The Mets took game 3 by a 4-2 margin on the strength of 2 8th inning runs off of El Duque, who was fantastic up until that point. The Yankees lead 2-1 heading into the bottom of the 6th, when Hernandez allowed a run scoring double to Todd Zeile that also put runners at 2nd and 3rd with nobody out. After a walk loaded the bases, El Duque proceeded to get two strikeouts and a groundout to escape without further damage. With Rick Reed out of the game, the Yankees had a chance against the Mets bullpen, but Wendell, Cook, Franco, and Benitez were up to the task, allowing 4 baserunners but no runs in the final 3 innings. In the bottom of the 8th, El Duque allowed a single to Zeile and a run scoring double to Agbayani, who later scored as well on a sac fly, and suddenly we had a series.
With a thrilling pitching matchup of Denny Neagle against Bobby Jones, Game 4 was truly up for grabs. However, Derek Jeter set the tone early with a home run on the first pitch of the game, and the Yankees never trailed. Jeter tripled leading off the third and scored on a groundout to give the Yankees a 3 run lead. Neagle was on a very short leash, and was pulled with 2 outs and no one on in the 5th as Mike Piazza, who had homered in the 3rd to cut the lead to 3-2, came to the plate. Joe Torre went to David Cone, who put a bow on his Yankee career by getting Piazza to pop out. Nobody threatened much for the rest of the contest, as Nelson, Stanton, and Rivera pitched 4 innings of shutout ball, and the Yankees were one win from their 26th title.

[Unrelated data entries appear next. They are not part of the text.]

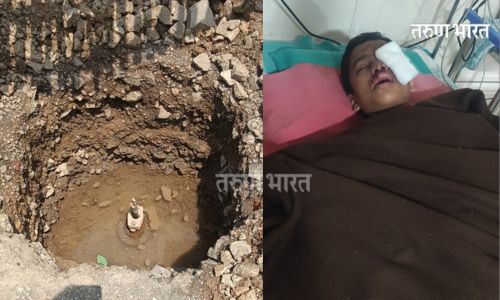 कळंब्यातील गळतीमुळे खोदलेला खड्डा बनला जीवघेणा; खड्ड्यात पडून विद्यार्थी गंभीर जखमी; ग्रामपंचयातीच्या हलगर्जीपणाचा फटका Kolhapur kalamba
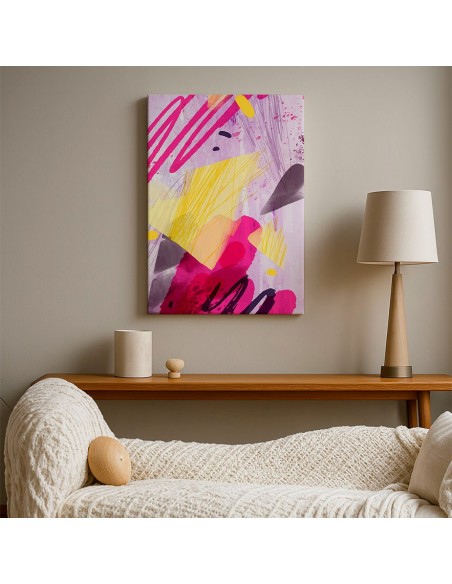 Cuadro Abstracto Paz 35x50cm Lienzografía Diseño 0468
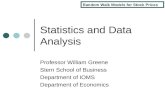 Random Walk Models for Stock Prices Statistics and Data Analysis Professor William Greene Stern School of Business Department of IOMS Department of Economics.
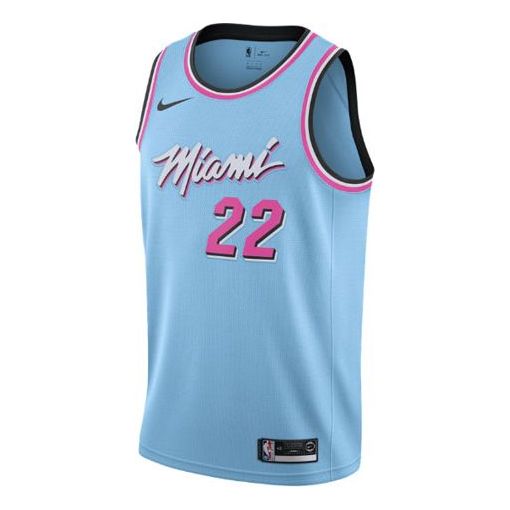 Men's NBA City Limited Miami Heat 2 No. 2 Butler Basketball Jersey/Vest SW Fan Edition 19-20 Season Blue
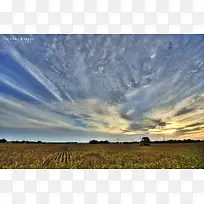 白色羽状白云蓝天-空若网 白色羽状白云蓝天-空若网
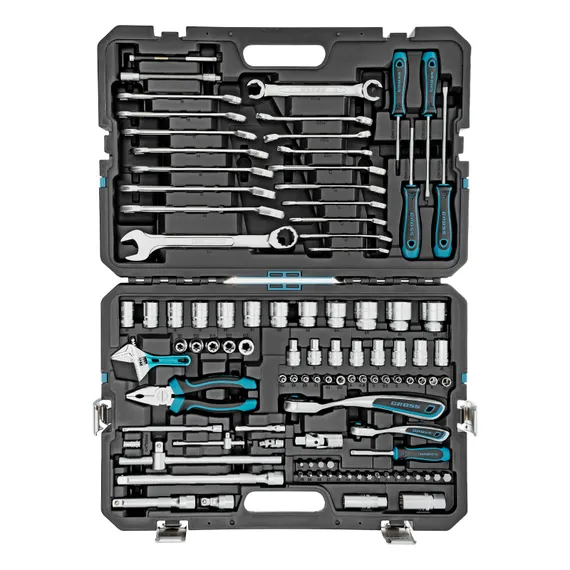 Набор инструментов, 1/4", 1/2", CrV, 120 зубьев, 101 предмет Gross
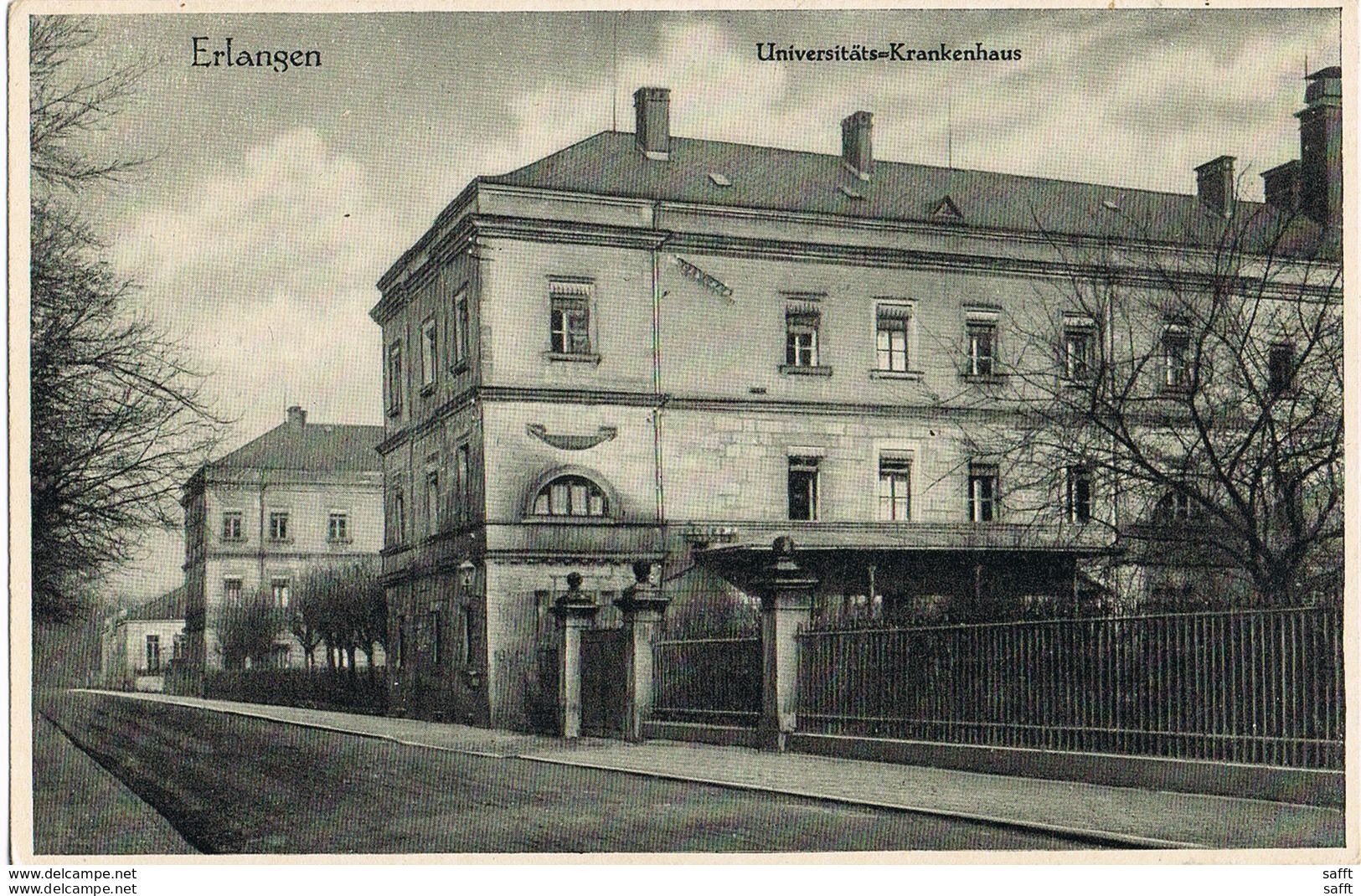 AK Erlangen, Universitäts-Krankenhaus Um 1920 - Erlangen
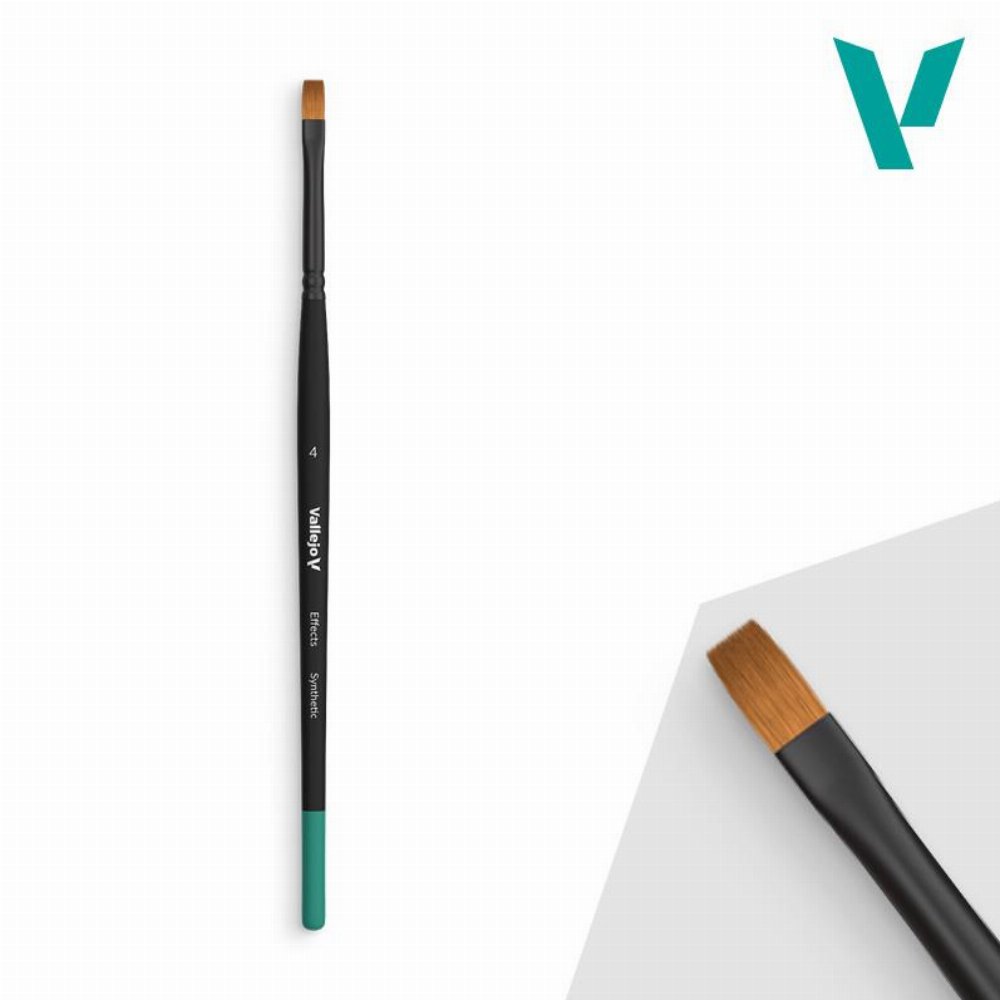 Vallejo – Rectangular Synthetic Flat No. 4 Brush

The Mets lead for much of Game 5, taking a 2-1 lead in the second after a Bernie homer had given the Yankees an early lead. With two outs and runners on second and third, Pettitte made an error on a Leiter bunt that allowed one run to come in, and an Agbayani single gave the Mets the lead. The score held until the 6th, when Derek Jeter homered to tie the game and essentially clinch WS MVP for himself. Leiter, pitching a gem of a game, struck out the first two Yankee hitters in the 9th, and it looked like he would finish a complete 9 and give his chance to win it with a walk-off.
The next hitter was Jorge Posada, and he worked a walk after a 9 pitch at-bat. At this point, Leiter was at 138 pitches and the Met bullpen had pitched well in the series, but Bobby Valentine decided to stick with Leiter and it cost him. Brosius singled to put runners on first and second, and on the next pitch, Luis Sojo hit a 20 hopper through the middle. Posada scored on the play, and the throw hit him and bounded away, allowing Brosius to score as well. The Yankees handed the ball to Mariano Rivera to close things out, and he made things interesting by walking Agbayani with one out and Alfonzo and Piazza due up. Alfonzo flew out to right, and Piazza took a big hack that looked off the bat as if it might tie the game. However, Piazza just missed it, Bernie caught the ball in front of the track, and the Yankees were once again World Champions.